Scientists at Gubkin Russian State University of Oil and Gas (National Research University) have developed a technology to produce environmentally friendly aviation fuel from lignocellulosic raw materials (by-products of agriculture and the food industry), which will help Russian aviation meet modern sustainability requirements.

To reduce its carbon footprint, Russia—as a member state of the International Civil Aviation Organization (ICAO)—must comply with the CORSIA (Carbon Offsetting and Reduction Scheme for International Aviation) program. Currently voluntary, the scheme will become mandatory from 2027, requiring airlines to offset any emissions increase above 2019 levels on international flights by purchasing or using sustainable aviation fuel (SAF) made from biomass and renewable carbon. At present, such fuel is produced only by a few certified Western companies.

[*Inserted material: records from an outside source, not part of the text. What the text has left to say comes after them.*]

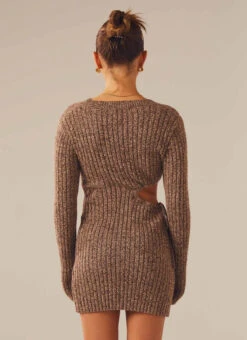 Finesse Knit Mini Dress - Cinnamon 10 Finesse Knit Mini Dress - Cinnamon -Swathera Sales lUaSAkXsI5raRW9RzHfhT3Ias 33141.1710761336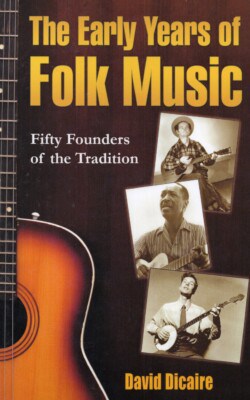The early years of Folk Music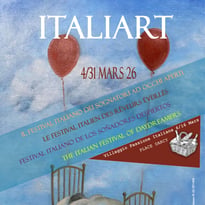 Italiart festival Dijon
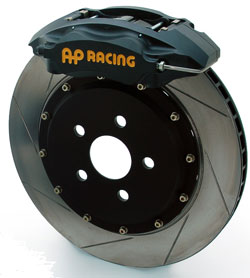 AP Racing Brake Disc Curved Vanes AP Racing Brake Disc Curved Vanes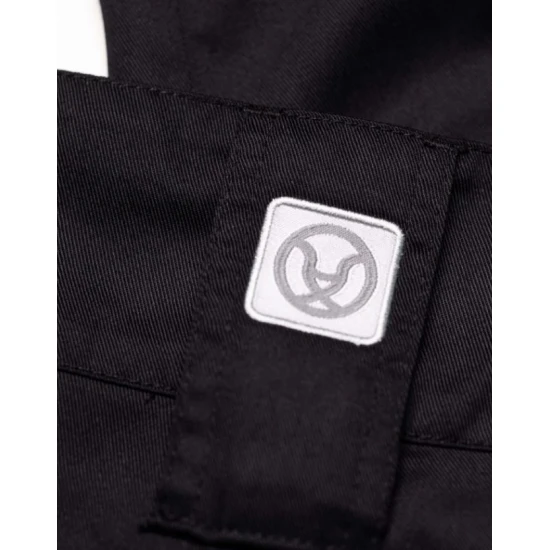 Pantaloni de lucru vara calitate excelenta, tercot 200g/m2, Summer, Negru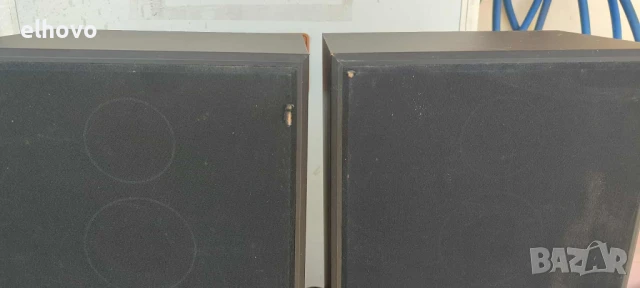 Тонколони ITT HIFI 4091, снимка 2 - Тонколони - 50849041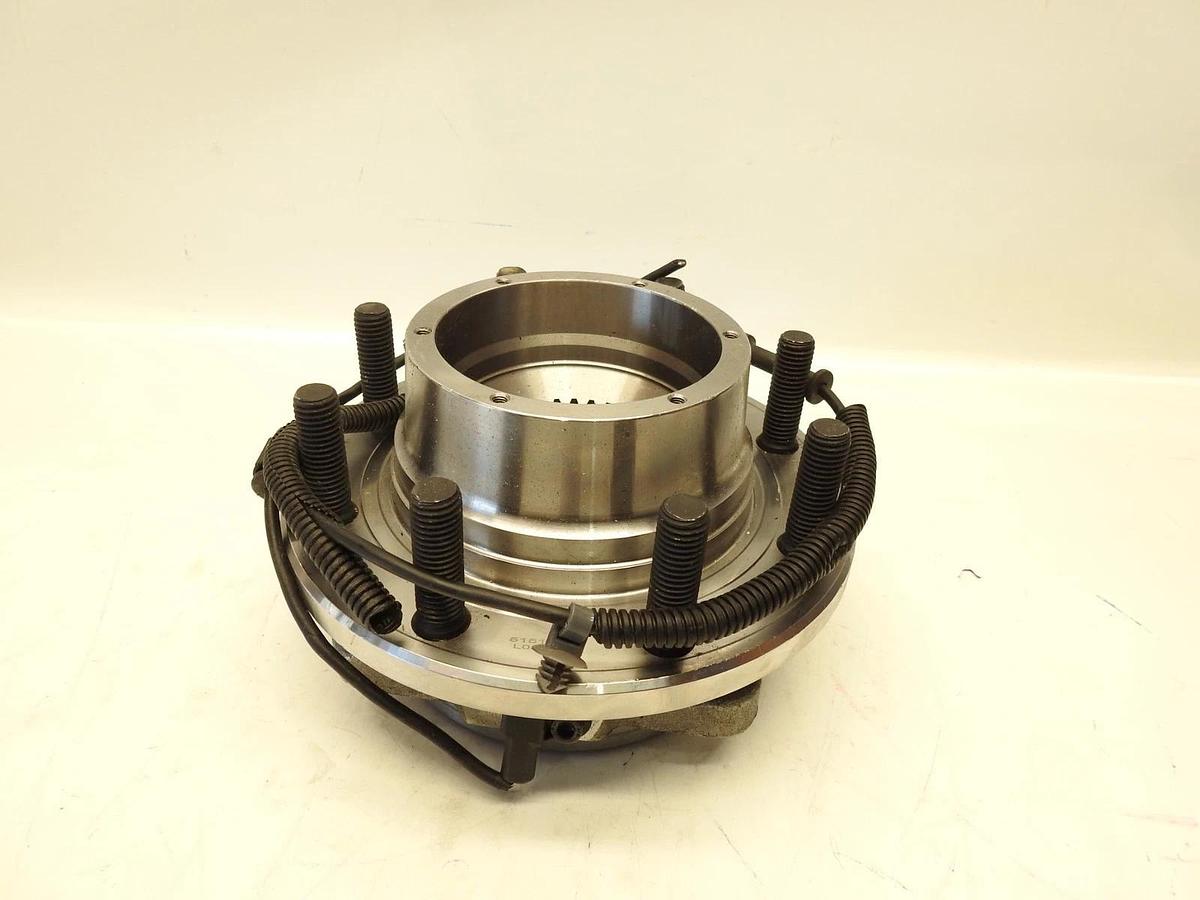 Wheel Bearing and Hub Assembly-4WD Front WJB WA515131
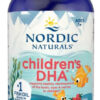 Nordic Naturals Children's Dha Omega 3 Líquido Para Niños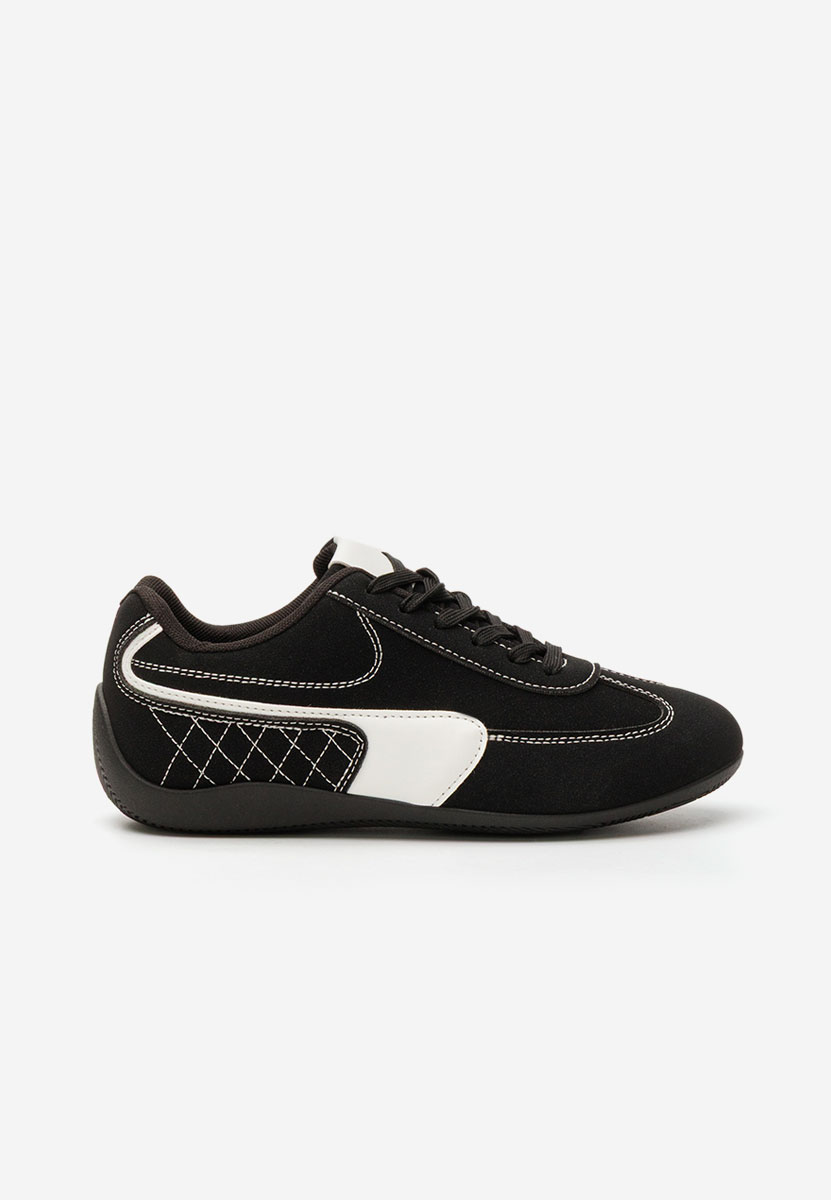 Sneakers γυναικεια Iaryana μαύρα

The technology developed at Gubkin University is based on a combination of fast pyrolysis, delayed coking, and hydrocracking processes. The feedstock is first pyrolyzed into a higher-energy-density bio-oil containing significant oxygen and bound water; the bio-oil is then co-coked with petroleum tar to partially remove oxygen; finally, the resulting diesel fraction undergoes deep hydrotreating in a hydrocracking unit. In addition to the target SAF, part of the renewable carbon is converted into diesel, gasoline, and bio-coke.

Professor Mikhail Ershov, Head of the Refining Technology Department at Gubkin University and project leader, noted that lignocellulosic waste is typically not professionally processed due to its low value. Converting it into fuel not only solves an aviation challenge but also represents an effective utilization method.

Tests have confirmed that the technology requires no fundamental retrofitting of existing refineries. Due to the high acidity of bio-oil, only minor equipment upgrades and the use of corrosion-resistant alloys in individual units are needed. Processing lignocellulosic feedstock through the pyrolysis–coking–hydrocracking chain yields jet fuel containing up to 12% bio-derived carbon.

Professor Ershov added that the next step is to increase the proportion of bio-carbon in the fuel. The team plans to study modification of bio-oil and its model compounds through preliminary depolymerization of carbohydrates and controlled oligomerization on carbon chains. The project is being carried out with support from the Russian Science Foundation.